Kim Kyu-chul of the Korea Development Institute analyzed nighttime luminosity in North Korea based on satellite images from 1992 to 2013. “The North has brightened since 2000”, Kim said in a report published Monday.
The U.S. releases a report about nighttime brightness in the North measured by meteorological satellites every year, with each pixel representing an area of 0.86 sq.km. There was no change until 1999 if the baseline in 1992 is set at 100, but then the country brightened a little to reach a level of 170 in 2013.

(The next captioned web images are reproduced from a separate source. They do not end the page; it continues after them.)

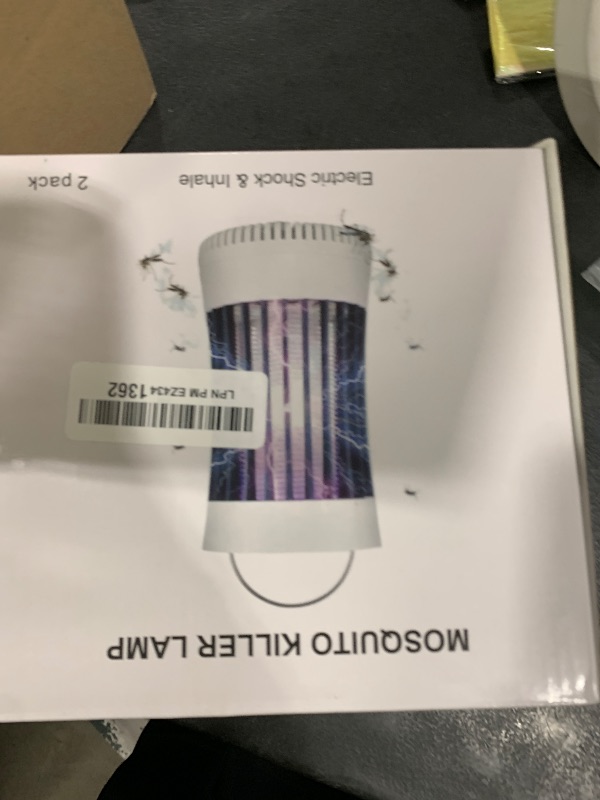 Photo 1 of Lulu Home 2 Packs Indoor Bug Zapper with Fan, 1500V High Voltage Lighted Mosquito Lamp Trap, USB Cable Plug-in Electric Insect Killer Catching Moth Mosquitoes Gnat Fruit Flies (NO Battery)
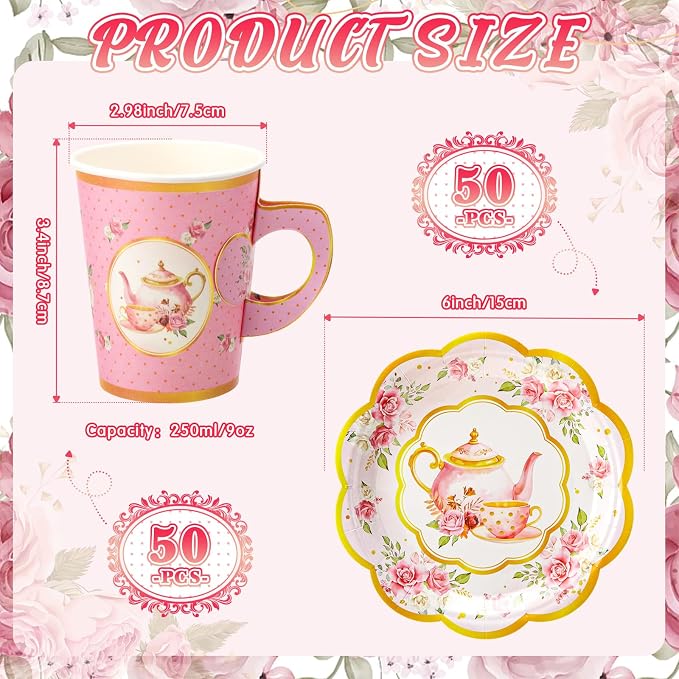Tioncy 100 Pcs Tea Party Decorations Include 50 Pieces 9 oz Paper Tea Cups - Image 2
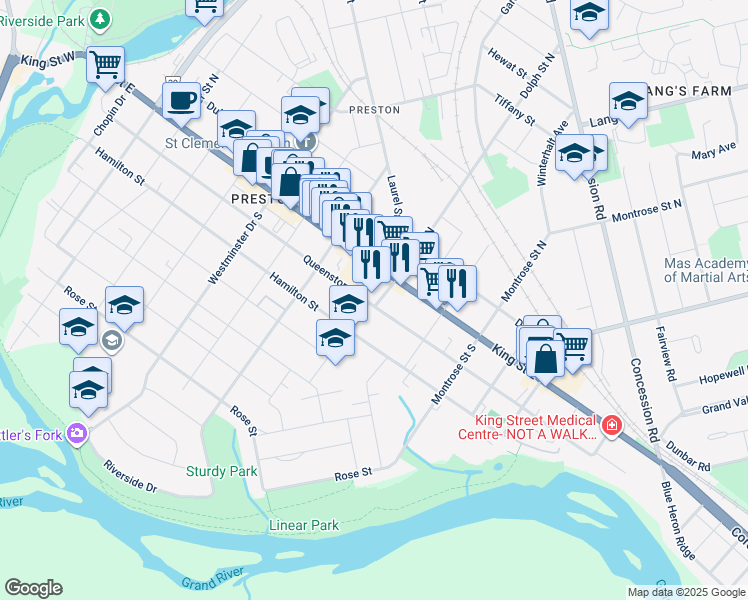 map of restaurants, bars, coffee shops, grocery stores, and more near 1031 Queenston Road in Cambridge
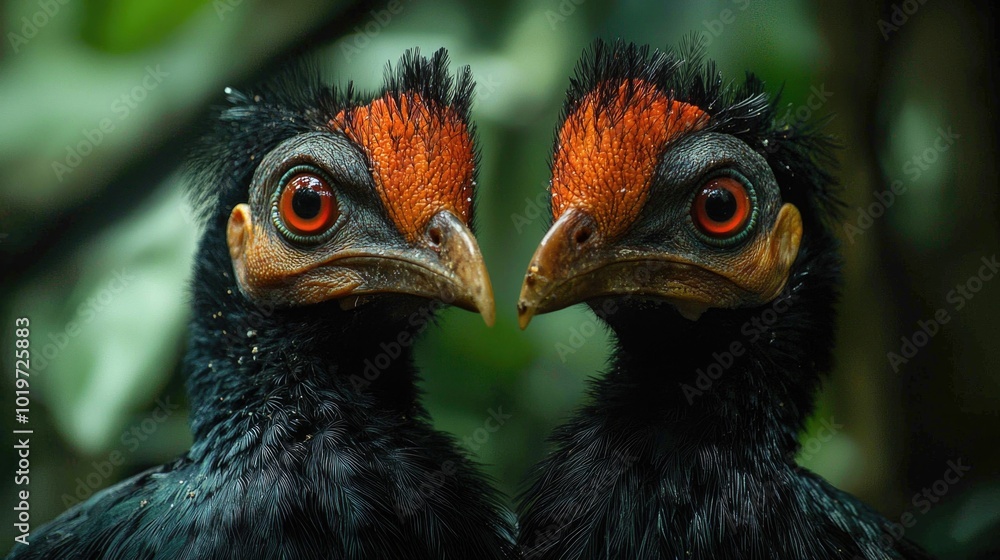 Close-up of two vibrant birds with striking features Close-up of two vibrant birds with striking features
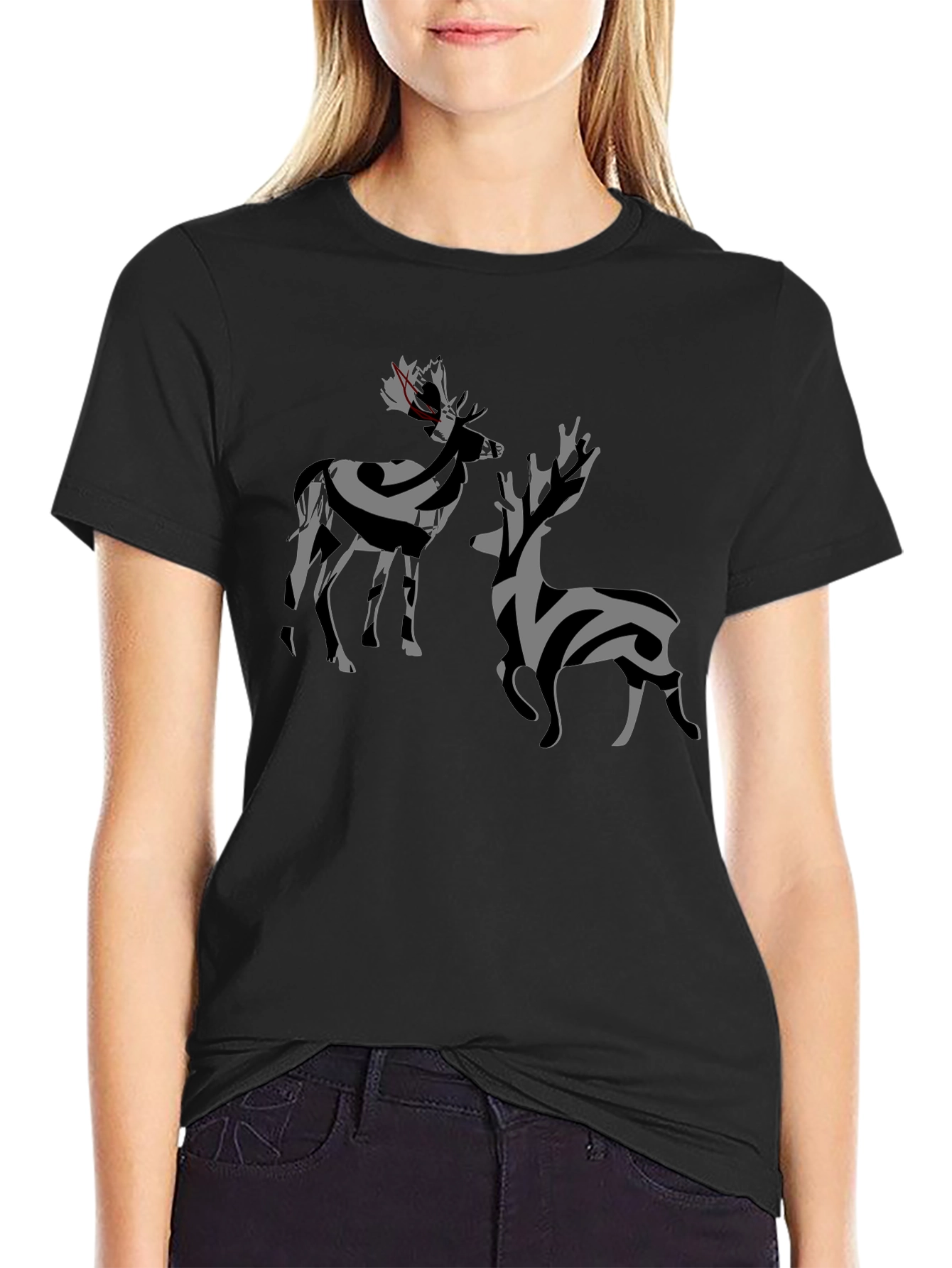 Abstract Deer Graphic Tee - Stylish Black T-Shirt
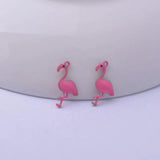 30pcs Enamelled Flamingo Charms Small Bird Pendants Copper Jewelry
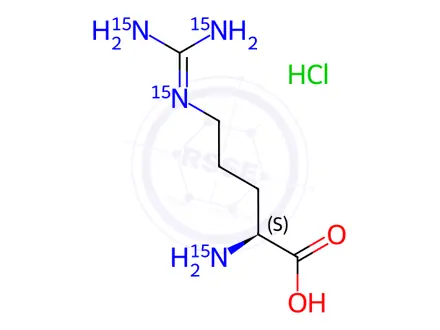 Chemical structure of L-Arginine-15N4 Hydrochloride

“The analysis coincides with testimony from North Korean defectors that living conditions improved as open-air markets were springing up in the early 2000s”, Kim said.
Pyongyang, where about 13 percent of the North Korean population live, was the brightest area with 29 percent of the country’s entire nighttime luminosity.
Next came North Pyongan Province (15.7 percent), where trade with China is brisk, and Hwanghae Province (15.1 percent), where the joint Korean Kaesong Industrial Complex was still in operation in 2013. Remote Ryanggang Province was the darkest at a mere 2.2 percent.
“There still seems to be a wide gap between Pyongyang and the provinces”, Kim added.
In Pyongyang, the lights tell a more complicated story. In 1992, the whole of the city was lit up, but by 2002 the lights were only on downtown. By 2012, the capital and outlying areas were bright again. The mid-1990s were a time of severe famine.
Kaesong took up 13.3 percent nighttime luminosity in 2005, when South Korean businesses started to arrive, soaring to 19.4 percent in 2010, when they finished moving in. But the percentage had fallen to 12.9 percent in 2013, when relations deteriorated, the industrial park was temporarily closed and firms started giving up on the project.
Current photos would presumably show the area in darkness again since the industrial park was finally shut in 2016.
The scenic Mt. Kumgang area was also affected by inter-Korean relations. It accounted for zero percent of luminosity in 1992 and 1993 but rose after 1998, when package tours to the resort began.
But the percentage dropped to 2.1 percent in 2008 when a South Korean tourist was fatally shot by a North Korean soldier and tourists started avoiding the resort, and to less than one percent when the tours stopped in 2009.